On SkipGram Word Embedding Models with Negative Sampling: Unified Framework and Impact of Noise Distributions
Dezhi Liu, Richong Zhang, Ziqiao Wang
TL;DR
The paper addresses the theoretical and practical gaps in negative sampling for word embeddings by proposing Word-Context Classification (WCC), a framework that generalizes SGN to arbitrary noise distributions. It develops adaptive noise mechanisms (caSGN) and ACE, derives PMI-based interpretations under certain conditions, and demonstrates that noise distributions aligning with the data distribution yield superior embeddings and faster convergence in experiments. The key contributions include a unifying theory for SGN-like models, a spectrum of noise-distribution variants, and empirical evidence that data-distribution noise offers performance and training-time benefits, along with novel models that surpass existing WCC variants.
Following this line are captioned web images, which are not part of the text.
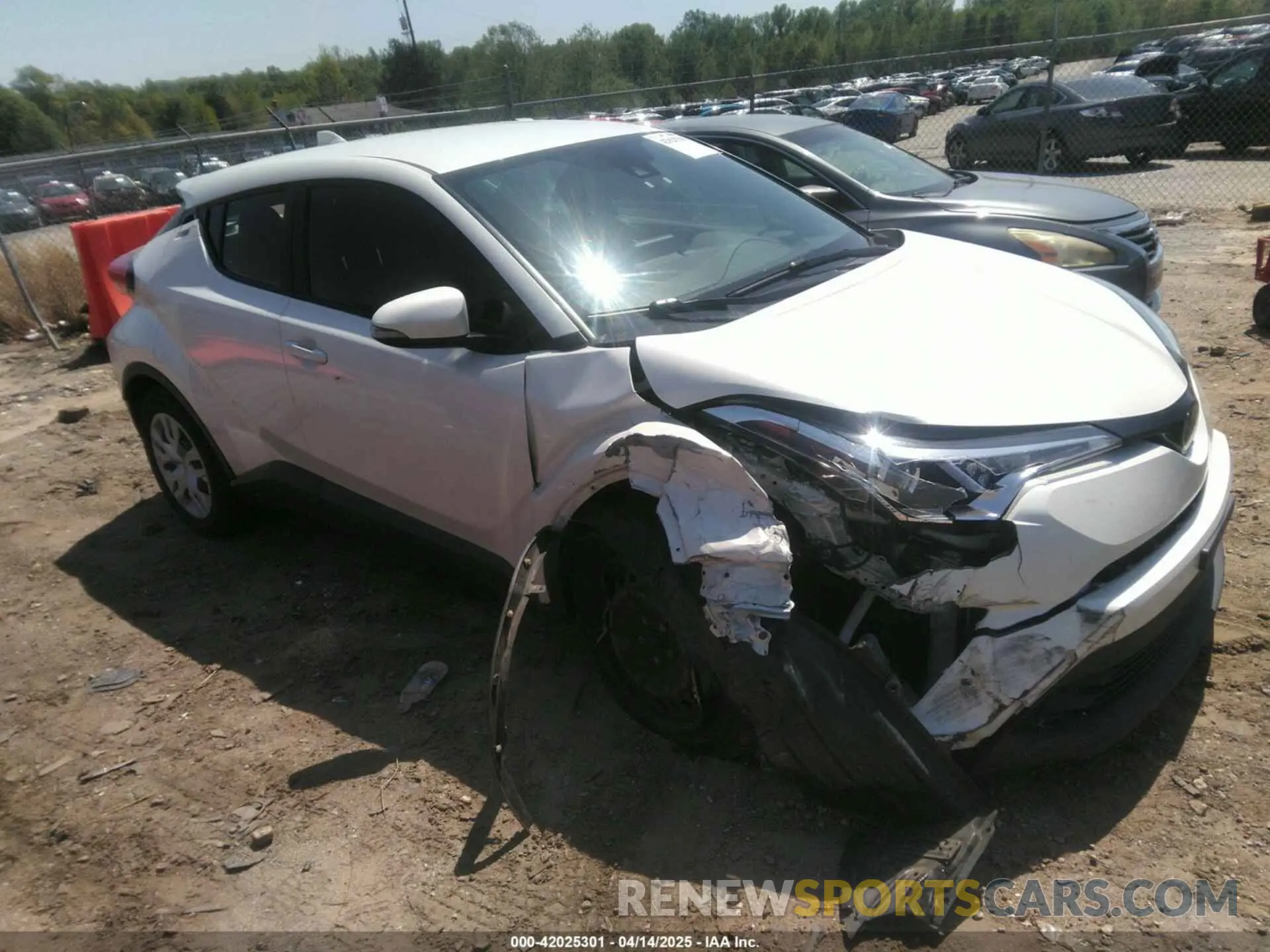 1 Photograph of a damaged car JTNKHMBX7K1028731 TOYOTA C-HR 2019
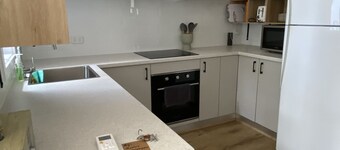 Spacious cottage in peaceful location just minutes walk from the beach.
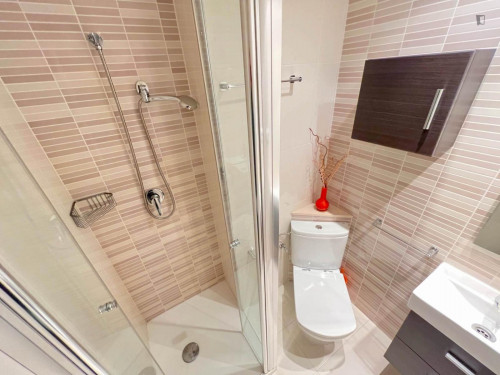Cool single bedroom in a 7-bedroom apartment in Campus Blaso Ibañez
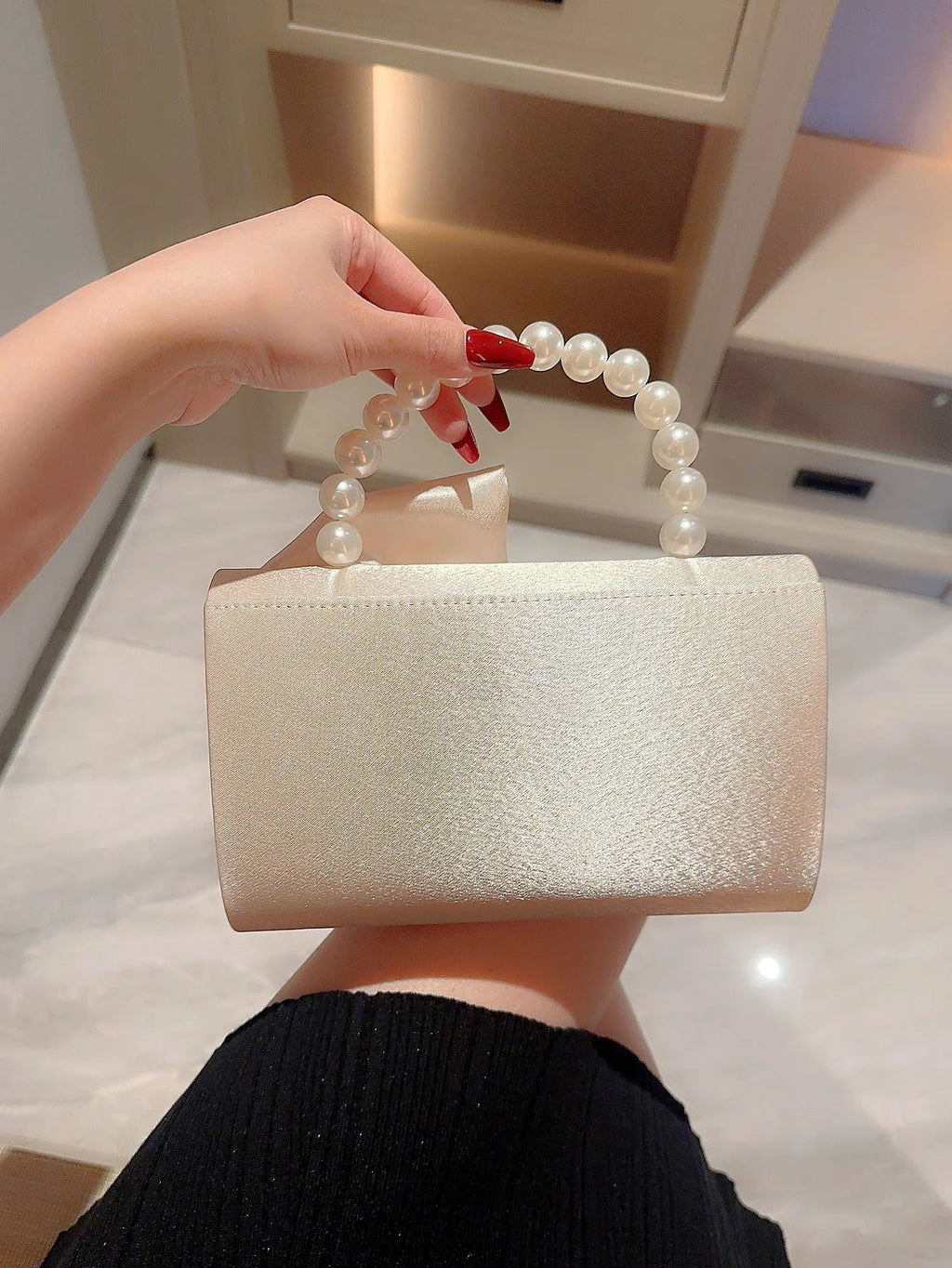 Lady Exquisite Flower Evening Bag | White Wedding Bag & Faux Pearl Handheld Banquet Bag (Party, Prom, Dress Bag) - Luzilly Bridal & Apparel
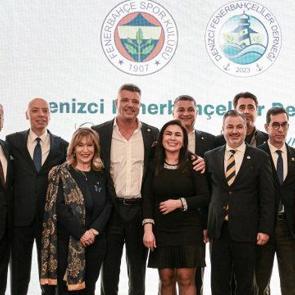 Fenerbah&ccedil;e y&ouml;netimi, &uuml;yelerle iftarda bir araya geldi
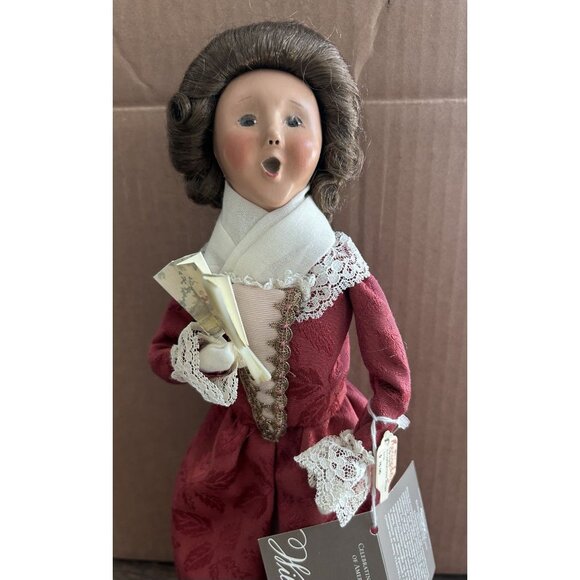 Byers Choice Retired 2005 Excl Williamsburg Grand Illuminations Woman with Fan - Picture 2 of 9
These insights offer a principled path toward principled, adaptable embedding learning and inform future work on Transformer-based or multimodal extensions within the WCC paradigm.
Abstract
SkipGram word embedding models with negative sampling, or SGN in short, is an elegant family of word embedding models. In this paper, we formulate a framework for word embedding, referred to as Word-Context Classification (WCC), that generalizes SGN to a wide family of models. The framework, which uses some ``noise examples'', is justified through theoretical analysis. The impact of noise distribution on the learning of the WCC embedding models is studied experimentally, suggesting that the best noise distribution is, in fact, the data distribution, in terms of both the embedding performance and the speed of convergence during training. Along our way, we discover several novel embedding models that outperform existing WCC models.